/testspark

Individual Project 3 for IDS 721, Duke MIDS

Primary LanguagePython

Running Spark job on Amazon EMR

This repository contains a Python script that runs a Spark job and a CSV file. The job is submitted to an Amazon EMR cluster using the AWS CLI by creating a step. Here's a step-by-step guide on how to set up and run the job.

Prerequisites

  • An AWS account with appropriate permissions to create an EMR cluster.
  • AWS CLI installed on your local machine.

Setting up EMR Cluster

Follow the steps in the AWS console EMR service wizard to configure your cluster. Make sure to choose the appropriate instance type, security group, and key pair. Also, make sure to select the latest version of Spark.
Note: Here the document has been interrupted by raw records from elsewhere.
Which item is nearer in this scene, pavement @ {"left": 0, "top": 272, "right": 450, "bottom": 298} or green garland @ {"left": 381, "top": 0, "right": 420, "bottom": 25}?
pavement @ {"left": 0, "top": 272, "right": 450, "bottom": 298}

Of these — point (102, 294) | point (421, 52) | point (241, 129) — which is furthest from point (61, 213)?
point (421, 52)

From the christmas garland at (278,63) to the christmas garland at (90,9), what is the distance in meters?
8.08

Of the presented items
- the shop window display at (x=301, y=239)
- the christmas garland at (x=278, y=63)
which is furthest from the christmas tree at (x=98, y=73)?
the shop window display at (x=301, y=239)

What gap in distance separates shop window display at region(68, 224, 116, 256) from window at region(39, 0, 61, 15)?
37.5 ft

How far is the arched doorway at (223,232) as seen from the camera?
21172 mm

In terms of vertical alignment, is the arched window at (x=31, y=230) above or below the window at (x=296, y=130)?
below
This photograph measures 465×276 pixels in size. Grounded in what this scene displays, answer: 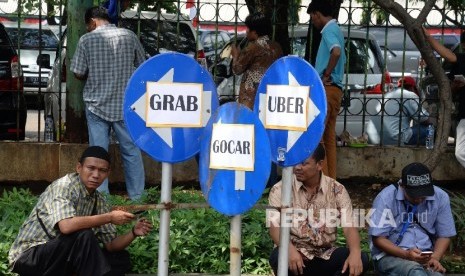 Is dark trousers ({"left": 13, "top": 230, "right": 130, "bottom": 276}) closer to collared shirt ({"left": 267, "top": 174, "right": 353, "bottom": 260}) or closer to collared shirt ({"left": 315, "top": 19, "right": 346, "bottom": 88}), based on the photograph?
collared shirt ({"left": 267, "top": 174, "right": 353, "bottom": 260})

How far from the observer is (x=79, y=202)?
19.6ft

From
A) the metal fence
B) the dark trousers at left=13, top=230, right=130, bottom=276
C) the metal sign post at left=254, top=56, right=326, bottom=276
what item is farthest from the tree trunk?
the dark trousers at left=13, top=230, right=130, bottom=276

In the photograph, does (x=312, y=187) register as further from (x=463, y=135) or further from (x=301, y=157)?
(x=463, y=135)

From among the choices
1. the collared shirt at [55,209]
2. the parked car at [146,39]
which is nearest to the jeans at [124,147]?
→ the parked car at [146,39]

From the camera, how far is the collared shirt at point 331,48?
837 centimetres

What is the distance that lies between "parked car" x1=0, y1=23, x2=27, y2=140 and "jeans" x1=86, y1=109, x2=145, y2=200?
3.99ft

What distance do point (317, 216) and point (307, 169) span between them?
31cm

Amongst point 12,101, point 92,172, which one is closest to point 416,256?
point 92,172

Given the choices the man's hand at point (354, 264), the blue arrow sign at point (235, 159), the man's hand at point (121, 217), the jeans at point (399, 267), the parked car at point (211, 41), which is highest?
the parked car at point (211, 41)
Once you've configured the cluster, click on "Create Cluster" to launch it.

Uploading the files to S3

Upload the .py script and .csv file to an S3 bucket. Make sure to note down the S3 bucket name and the object key for the files.

Running the job

  • Open your terminal and run the following command to create a new step:
aws emr add-steps --cluster-id <cluster_id> --steps Type=spark,Name=<job_name>,ActionOnFailure=CONTINUE,Args=[--deploy-mode,cluster,--master,yarn,<s3_path_to_script.py>,<s3_path_to_csv_file>]
  • Once you've run the command, you should see a step ID in the output. Use this ID to check the status of the step using the following command:
aws emr describe-step --cluster-id <your-cluster-id> --step-id <your-step-id>

If the step has completed successfully, you should see "State": "COMPLETED" in your output.